The cut is not expected to be permanent, and the company emphasised yesterday that its radio stations and radio news broadcasts would continue.
Radio coverage even stands to be boosted with extra features in sports and Parliamentary news, DeFontes announced.
However, the decision to pull the plug will leave 11 Bermudian employees out of work, eight permanent staff and three part-time, in a decision that management said was not made lightly.
It also deprives the Island of its well-known local NBC affiliate.
Dwights Denbrook, vice president of operations for WOW World on Wireless, last night told this newspaper it would be premature to comment on the matter.
And CableVision head Terry Roberson said: “We currently have a NBC affiliate on and will be seeking permission of the Regulatory Authority to execute our NBC HD channel.”
VSB’s reasons for closure echoed those cited for The Bermuda Sun newspaper, which shut down in July after 50 years’ service: continuing losses combined with crippling financial constraints.
The statement ascribed the VSB decision to declining advertising revenue, adding that there was “little reason to anticipate that the current economic situation will be improving substantially in the near future”.

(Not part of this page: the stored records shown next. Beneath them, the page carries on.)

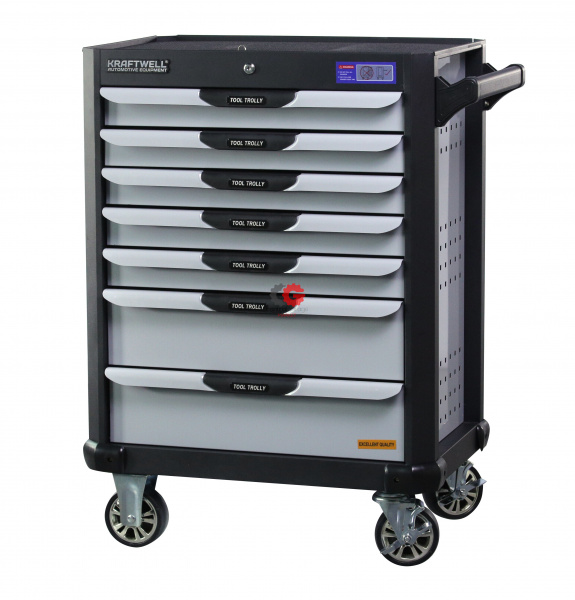 KraftWell KRW-TTG+SET277 Тележка профессиональнаяс 7 ящиками+ПОДАРОК инструмент 277 предметов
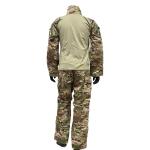 Wear-resistant Black Uniform Suit for Outdoor Training Breathable Long-sleeved
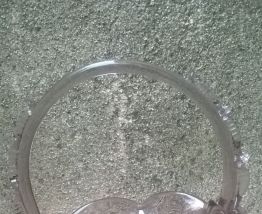 Panier en verre "travail artisanal"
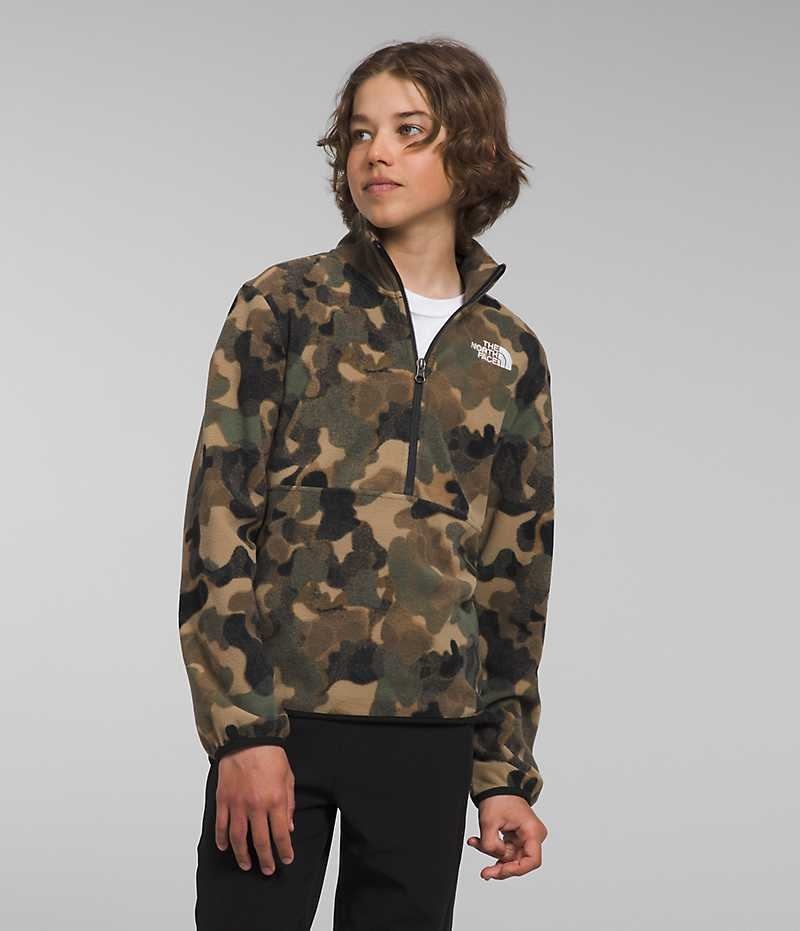 Camo The North Face Glacier ¼-Zip Boys\' Pullover | MALAYSIA UHPDGC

The losses had been subsidised by Kenneth DeFontes, the principal owner, making it impossible to continue business as usual.
The shutdown will allow a reorganisation of the company to cut losses and find “innovative ways to enhance content, productivity and control spiralling costs, while offering advertisers value for dollars spent”.
VSB will also require updated technology — likely to prove “a very costly venture”.
The company said that it was seeking to partner, or sell to, investors supportive of local television news and programmes, and provide alternatives in viewer choice.
“Over the past several years the staff have worked hard on a daily basis to provide television news and services, despite cost cuts and difficulties with equipment, management is most grateful for their hard work and dedication and for a job well done, under stressful conditions at times.”
Operations manager Lynn Jefferson told The Royal Gazette that it was too early to speculate when the television service would return.
“It’s very important that there is more than one television news view,” she said. “But we just couldn’t continue with the way it was. Our biggest regret is for the Bermudians displaced. We’re very proud of the fact that we’re an all-Bermudian company.”